Lunedì 11 febbraio il Consiglio regionale della Toscana ha approvato una proposta di legge che regolamenta a livello regionale la “morte volontaria medicalmente assistita”, detta anche “suicidio assistito” o “eutanasia indiretta”.
La Toscana è la prima regione italiana (nulla di che esaltarsi di questo primato) a dotarsi di tale normativa in assenza di una nazionale. Nel 2019 una sentenza della Corte Costituzionale aveva dichiarato la “non punibilità” di chi, a determinate condizioni, “agevola l’esecuzione del proposito di suicidio, autonomamente e liberamente formatosi, di un paziente tenuto in vita da trattamenti di sostegno vitale e affetto da una patologia irreversibile” che causa intollerabili sofferenze fisiche e psicologiche. Ora si attende, nei 30 giorni a venire, il ricorso presentato dalle opposizioni al Collegio di Garanzia Statutaria per la verifica di conformità.
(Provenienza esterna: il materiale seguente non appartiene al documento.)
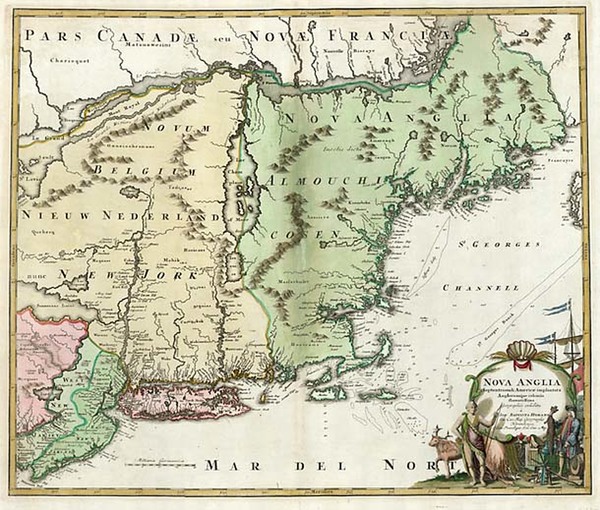 96-New England and Mid-Atlantic Map By Johann Baptist Homann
Si sono levate non poche voci contro questa normativa ritenuta una “risposta non adeguata che la nostra società dovrebbe dare a chi chiede aiuto”, dice a chiare lettere dalla Casa Famiglia di San Giorgio Canavese Matteo Fadda, presidente della Comunità Papa Giovanni XXIII che accoglie in diversi Paesi del mondo “persone in condizioni di estrema fragilità che spesso, dietro al desiderio di morte, hanno una richiesta di aiuto. Sentirsi accolti, amati, riconoscersi importanti, consente di recuperare il valore della propria vita anche nelle situazioni più disperate”. Già!
Perché qui c’è in ballo la domanda delle domande: che cosa è l’Uomo? Quanto vale la sua vita? Tanto se produce, se è bella, se è forte? Poco o niente se è di peso, di disturbo, malata, handicappata? E c’è in ballo anche il giuramento di Ippocrate: “Non somministrerò ad alcuno, neppure se richiesto, un farmaco mortale”.
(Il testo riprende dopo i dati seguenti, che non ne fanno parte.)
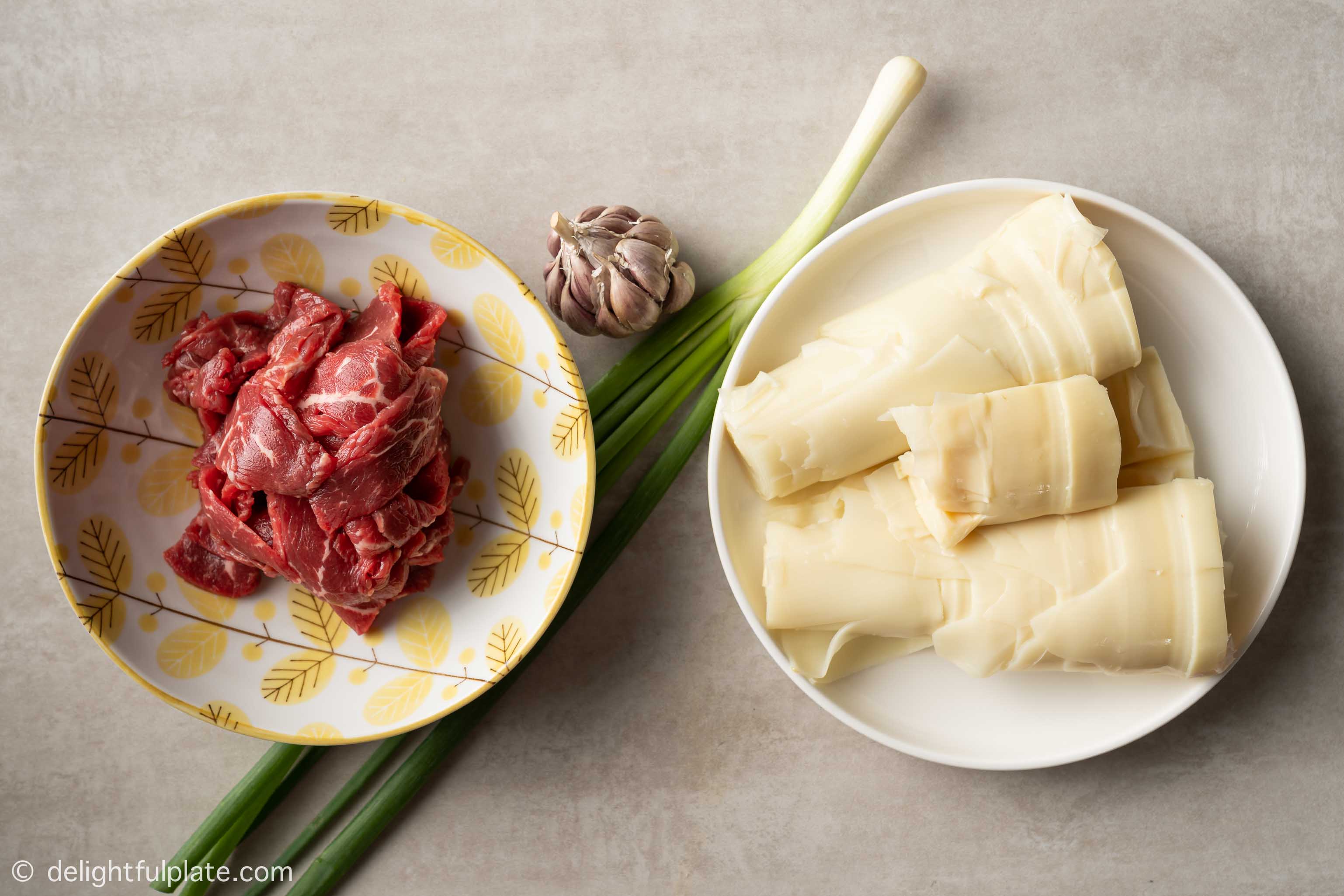 plates containing beef and bamboo shoots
Questa legge regionale contraddice alla radice la vocazione della medicina “perché – sostiene ancora Fadda – assecondare la disperazione della persona sofferente che la porta a porre termine alla propria vita, invece di mettere a disposizione tutte le risorse disponibili, comprese le cure palliative, per accompagnare chi si trova in estrema sofferenza, è una sconfitta per tutti”. Non un traguardo, quindi.
Chi dunque può sentirsi adeguato a interrompere o fermare una vita?